Chemists from the University of Florida have developed a technique for growing new materials from nanorods.
The study marks a breakthrough in the field, demonstrating how thermodynamic forces can manipulate nanoparticle growth into superparticles with exceptional precision. The research is described in Science.
Charles Cao, professor of chemistry at UF said: “Like putting oxygen atoms and hydrogen atoms together in a two-to-one ratio – the synergy gives you water, something with properties completely different from the ingredients themselves.”
The technique for making single nanorods is well established, but until now, it was unknown how to assemble them in a controlled manner.

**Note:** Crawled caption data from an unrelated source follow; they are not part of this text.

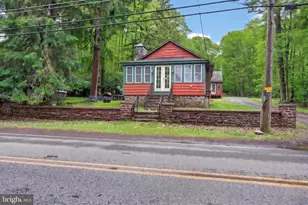 121 S Lake Dr, Lake Harmony, PA 18624 - Photo 2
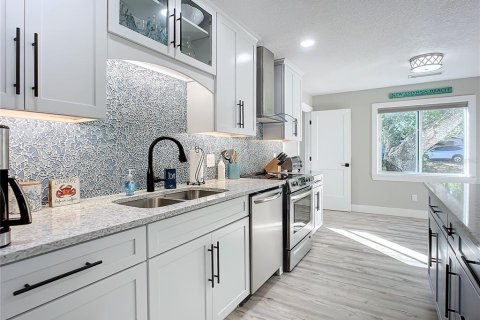 Casa en alquiler en New Smyrna Beach, Florida, 3 dormitorios, 142.6 m2 № 1904469 - foto 12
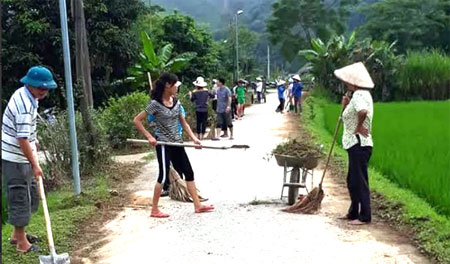 Nhân dân xã Việt Hồng vệ sinh đường làng tạo cảnh quan sạch đẹp.
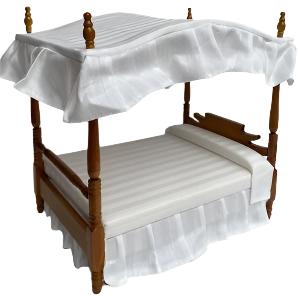 Canopy Bed Brown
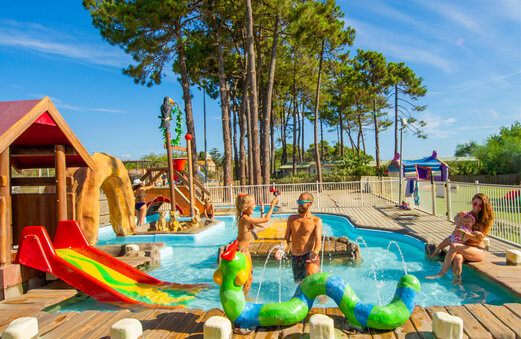 Spielerisches Schwimmbad, Rutsche auf dem Campingplatz CAPFUN Marina d'Al�ria in Aleria (20).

The researchers bathed individual fluorescent nanorods in a series of liquid compounds which reacted with hydrophobic regions on the rods, pushing them together to create a larger, more complex particle. They found that two different treatments yielded two different products.

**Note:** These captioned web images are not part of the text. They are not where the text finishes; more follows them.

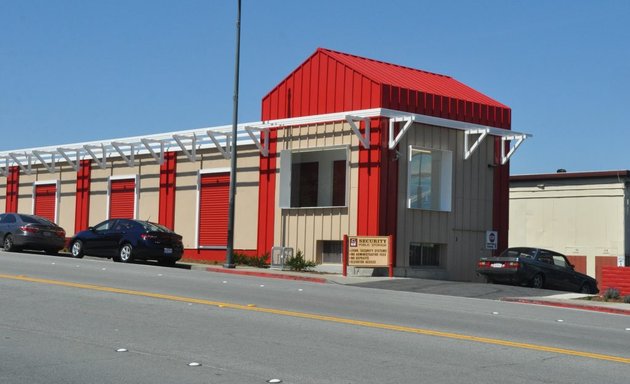 Photo of BBUD (Blecher Building + Urban Design)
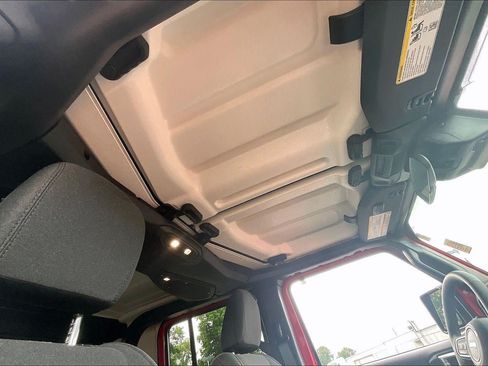 Used 2024 Jeep Gladiator Sport AWD/4WD image 29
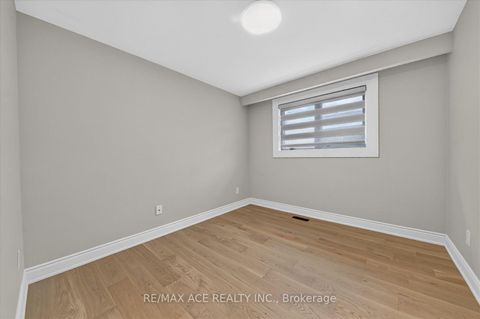 Photo 16 at 124 Honeywood Road, Jane Heights, Toronto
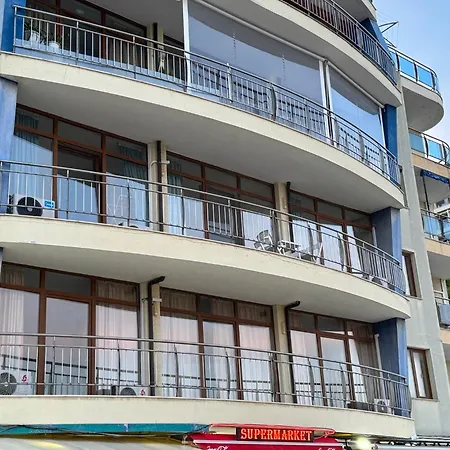 Spacious Beachfront - Kaya סאני ביץ'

“One treatment gave us something completely unexpected- these superparticles with a really sophisticated structure unlike anything we’ve seen before,” said Tie Wang, lead author of the study.
The other treatment resulted in a less complex structure that the researchers were able to grow into a small square of polarized film (about a quarter the size of a postage stamp). The film could one day be used to increase the efficiency in polarized LED television and computer screens by up to 50 per cent.
“I don’t think anyone has been able to get them to self-assemble into superparticles like this before. They have achieved a tour-de-force in precision and control,” said Dmitri Talapin, an associate professor of chemistry at the University of Chicago.